> _PROVIDED RECORDS_

-*-*-

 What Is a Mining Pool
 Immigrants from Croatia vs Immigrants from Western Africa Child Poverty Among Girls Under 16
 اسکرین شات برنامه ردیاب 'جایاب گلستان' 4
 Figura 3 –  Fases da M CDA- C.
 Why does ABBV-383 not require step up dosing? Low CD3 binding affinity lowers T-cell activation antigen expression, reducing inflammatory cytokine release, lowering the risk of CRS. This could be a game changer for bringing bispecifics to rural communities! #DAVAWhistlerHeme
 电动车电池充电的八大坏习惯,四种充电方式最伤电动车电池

-*-*-

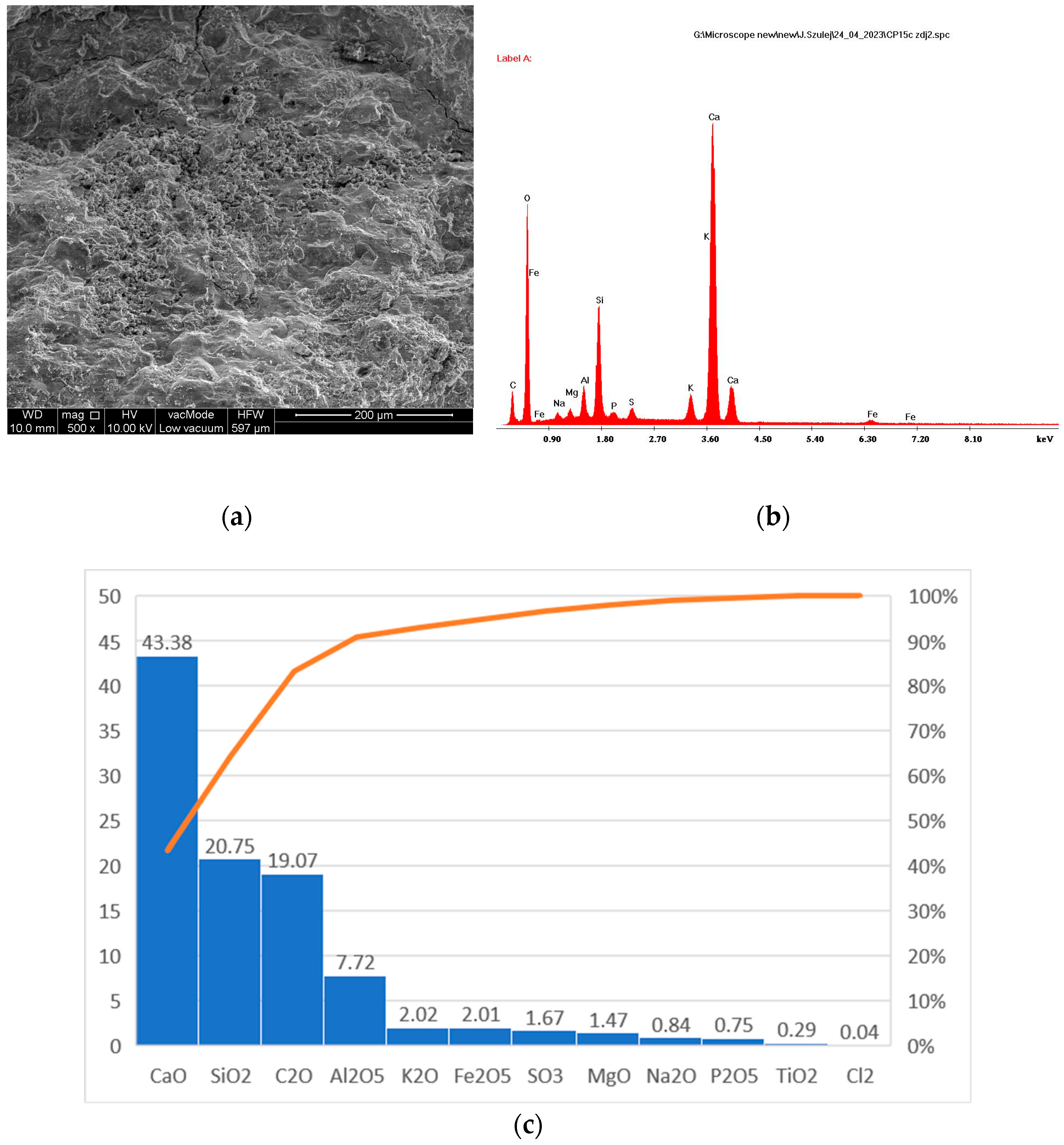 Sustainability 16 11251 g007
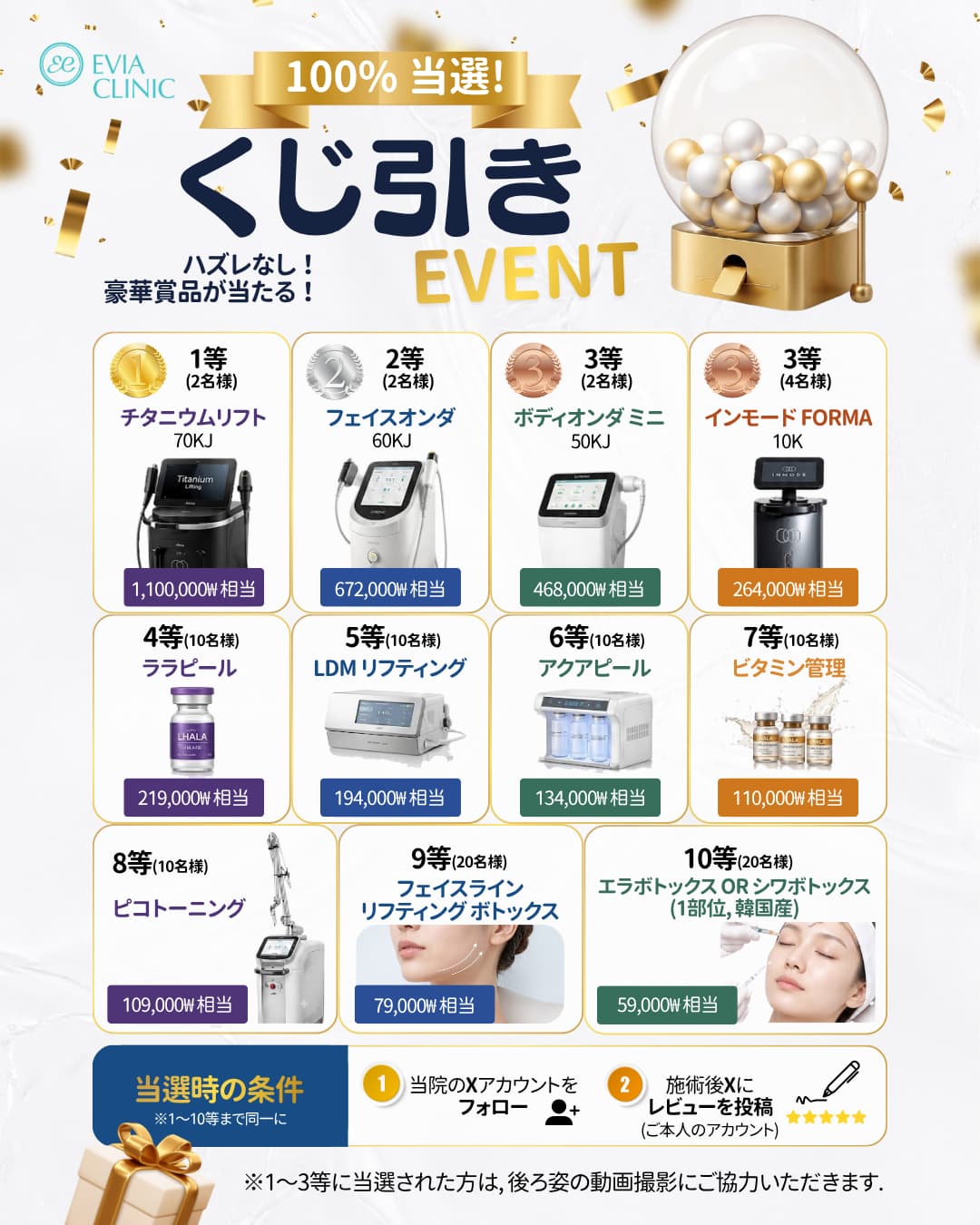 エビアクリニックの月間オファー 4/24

-*-*-

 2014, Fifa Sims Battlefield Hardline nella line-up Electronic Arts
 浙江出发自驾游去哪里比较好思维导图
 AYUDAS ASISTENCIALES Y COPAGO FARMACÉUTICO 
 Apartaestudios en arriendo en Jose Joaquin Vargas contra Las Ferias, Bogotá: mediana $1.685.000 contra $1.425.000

-*-*-

> _EXERCISE OBJECTIVE_
In the listing above, locate the line containing "Why does ABBV-383" and the line containing "电动车电池充电的八大坏习惯,四种充电方式最伤电动车电池", then transcribe both and every line between them verbatim.

> _ANSWER FOR THIS EXERCISE_
 Why does ABBV-383 not require step up dosing? Low CD3 binding affinity lowers T-cell activation antigen expression, reducing inflammatory cytokine release, lowering the risk of CRS. This could be a game changer for bringing bispecifics to rural communities! #DAVAWhistlerHeme
 电动车电池充电的八大坏习惯,四种充电方式最伤电动车电池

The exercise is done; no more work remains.